EXERCISE DESCRIPTION » In the listing below, a line holding "Mobility DNA, DataWedge, Device" and a line holding "PROxSON Матрас Green" mark the range. Retype both exactly, with all lines between them.

PROVIDED INFORMATION »
-----

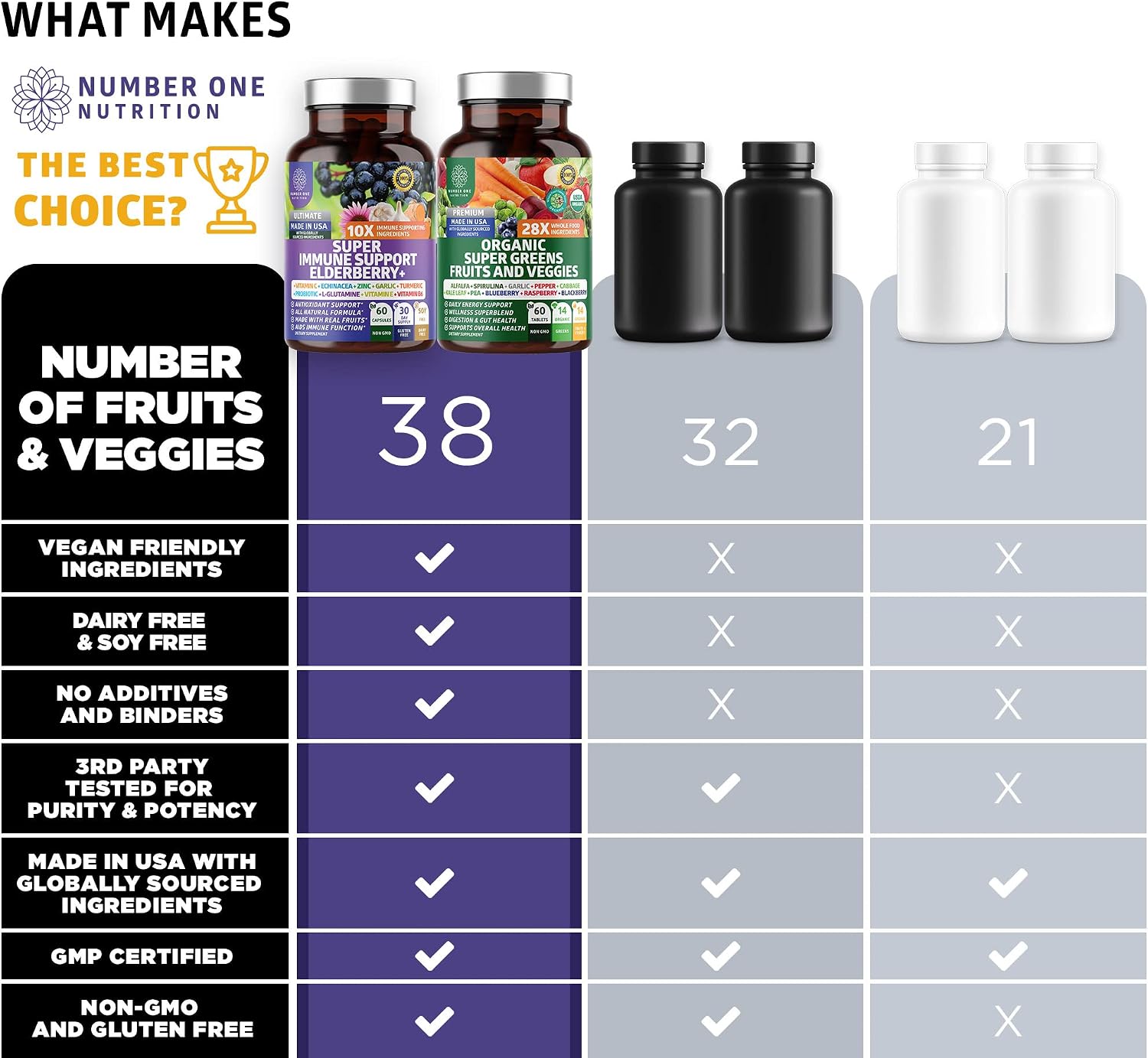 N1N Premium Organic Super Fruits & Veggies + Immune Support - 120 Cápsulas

-----

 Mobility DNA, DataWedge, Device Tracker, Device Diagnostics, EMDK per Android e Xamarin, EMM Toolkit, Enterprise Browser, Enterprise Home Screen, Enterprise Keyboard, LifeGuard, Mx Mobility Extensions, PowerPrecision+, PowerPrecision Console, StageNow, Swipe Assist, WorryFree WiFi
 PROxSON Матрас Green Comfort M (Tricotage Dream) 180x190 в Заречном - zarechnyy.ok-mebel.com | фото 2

-----

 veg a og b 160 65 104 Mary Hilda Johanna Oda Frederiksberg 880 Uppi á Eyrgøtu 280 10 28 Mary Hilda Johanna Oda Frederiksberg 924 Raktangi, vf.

-----

EXERCISE RESPONSE »
 Mobility DNA, DataWedge, Device Tracker, Device Diagnostics, EMDK per Android e Xamarin, EMM Toolkit, Enterprise Browser, Enterprise Home Screen, Enterprise Keyboard, LifeGuard, Mx Mobility Extensions, PowerPrecision+, PowerPrecision Console, StageNow, Swipe Assist, WorryFree WiFi
 PROxSON Матрас Green Comfort M (Tricotage Dream) 180x190 в Заречном - zarechnyy.ok-mebel.com | фото 2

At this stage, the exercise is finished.